The method, developed by Sigal along with Shugao Ma, a Disney Research intern who is a Ph.D. student at Boston University, and his adviser, Prof. Stan Sclaroff, can detect these structures directly from a video without fine-level supervision.
"Knowing that a video contains 'walking' or 'diving,' we automatically discover which elements are most important and discriminative and with which relationships they need to be stringed together into patterns to improve recognition," Ma said.
Representing actions in this way as space-time trees, not only improves recognition of actions but also is concise and efficient, said the researchers, who will present their findings at the IEEE Conference on Computer Vision and Pattern Recognition, CVPR 2015, June 7-12 in Boston.

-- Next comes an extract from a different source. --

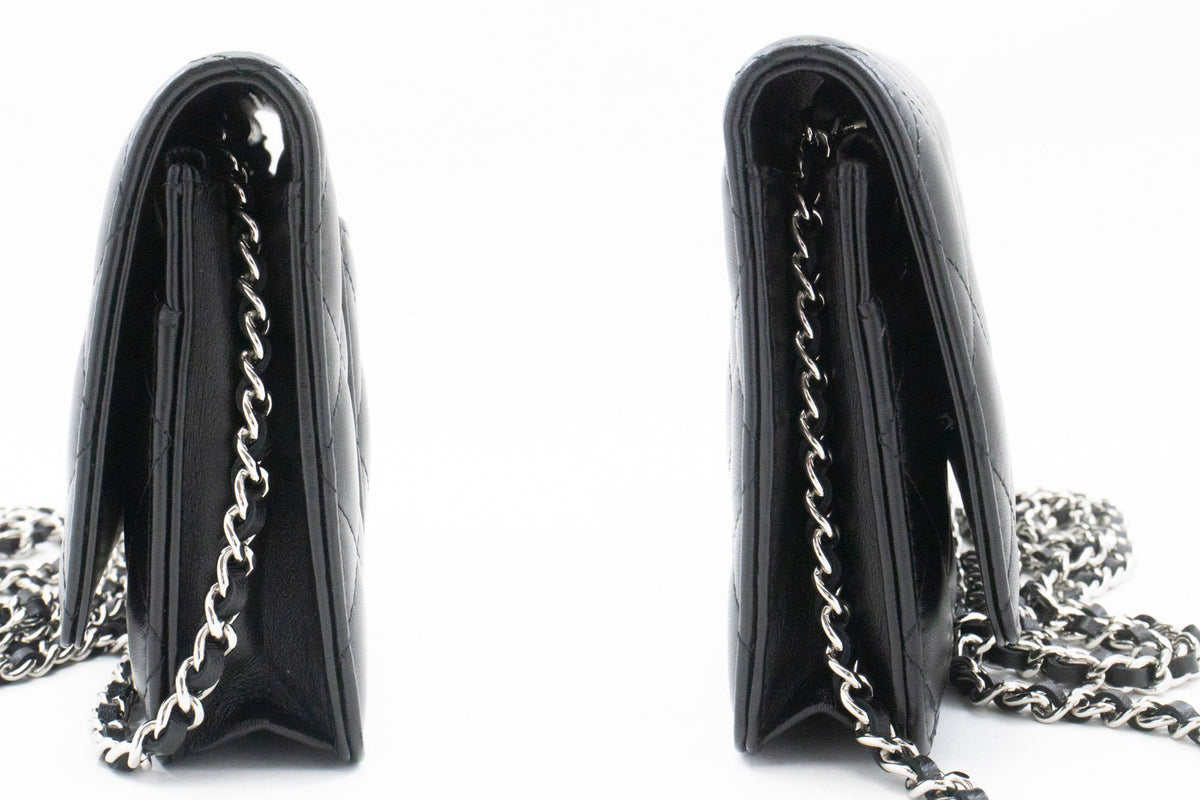 CHANEL Zwarte Classic Wallet On Chain WOC Schoudertas Lamsleer ap5 — zijkant hannari-shop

The researchers tested the method using standard video datasets including 10 different sports actions and four interactions, such as kisses and hugs depicted on TV programs. On these datasets, the Disney algorithm outperformed previously reported methods, identifying elements with a richer set of relations among them. They also found that the space-time trees discovered in one dataset to discriminate between hugs and kisses performed promisingly in discriminating hugs or kisses from other actions, such as eating and using a phone, that were not part of the original dataset.